**Problem:** Repeat every line of the listing below exactly, minus the pictures.

Input for this task Start Marker

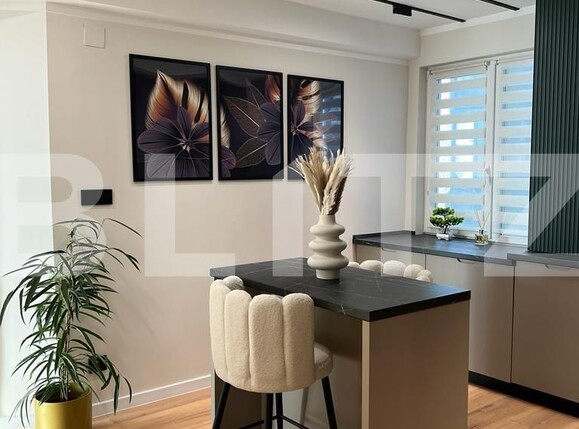 Apartament de vânzare 2 camere Central - 133148AV | BLITZ Cluj-Napoca | Poza1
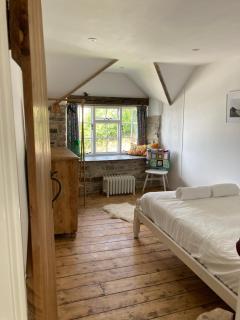 400 year old quirky Cornish cottage, in Bude, Poughill. - 7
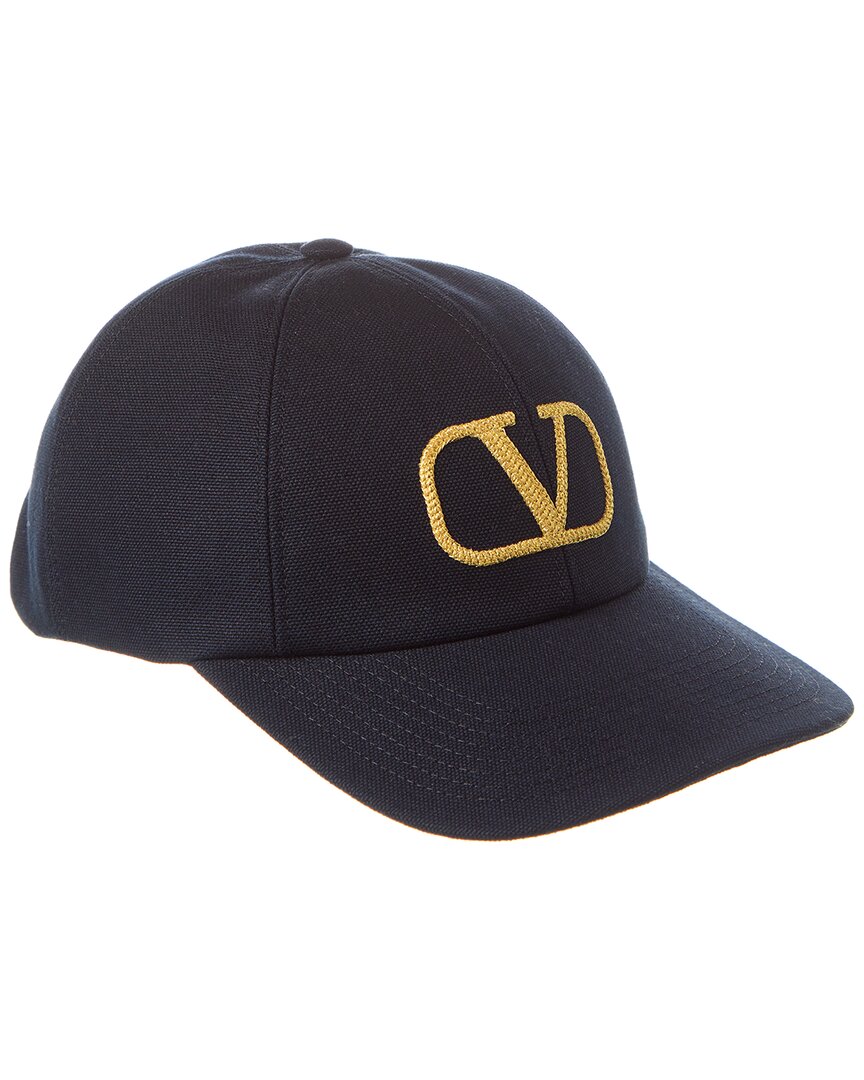 Valentino Vlogo Baseball Cap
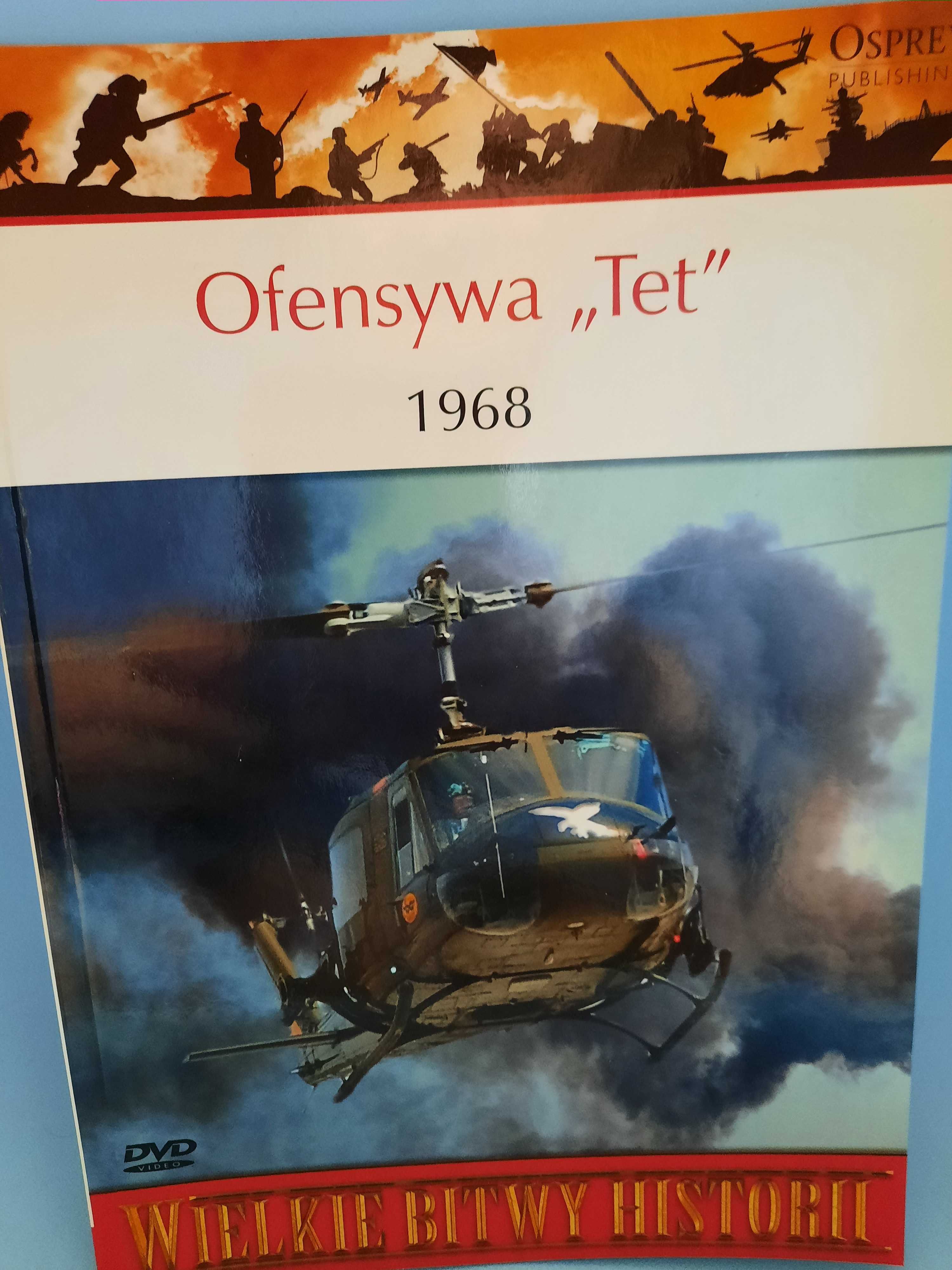 Ofensywa "Tet" 1968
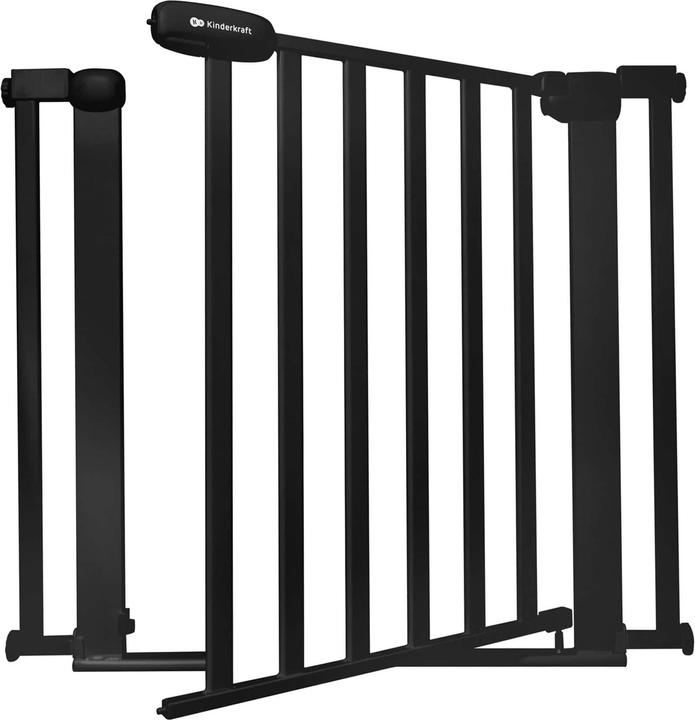 Produktbild KinderKraft Lock&Go (75 - 103 cm)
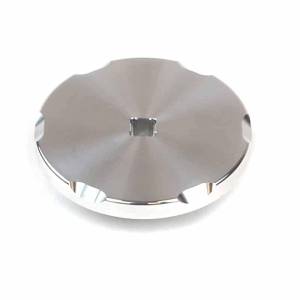 Industrial Injection - Industrial Injection Dodge Front CP3 Access Cover For Cummins Billet - 24FC04 - Image 2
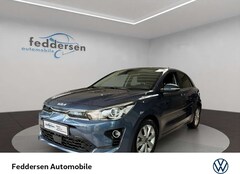 Bild des Angebotes Kia Rio Spirit 1.0 T-GDI GRA Sitzheizung Rückfahrkamera P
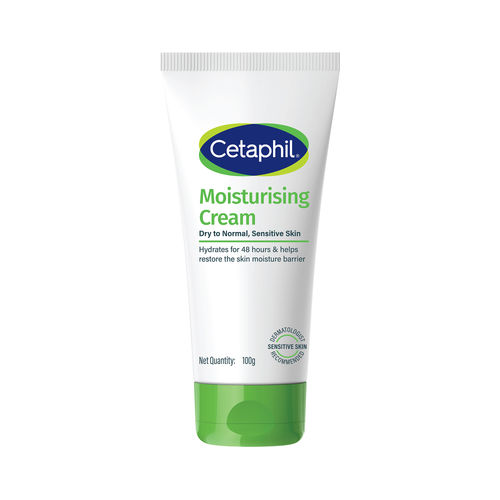 Cetaphil Moisturising Cream (100 gm)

Input for this task End Marker

**Finished task:**
 Apartament de vânzare 2 camere Central - 133148AV | BLITZ Cluj-Napoca | Poza1
 400 year old quirky Cornish cottage, in Bude, Poughill. - 7
 Valentino Vlogo Baseball Cap
 Ofensywa "Tet" 1968
 Produktbild KinderKraft Lock&Go (75 - 103 cm)
 Industrial Injection - Industrial Injection Dodge Front CP3 Access Cover For Cummins Billet - 24FC04 - Image 2
 Bild des Angebotes Kia Rio Spirit 1.0 T-GDI GRA Sitzheizung Rückfahrkamera P
 Cetaphil Moisturising Cream (100 gm)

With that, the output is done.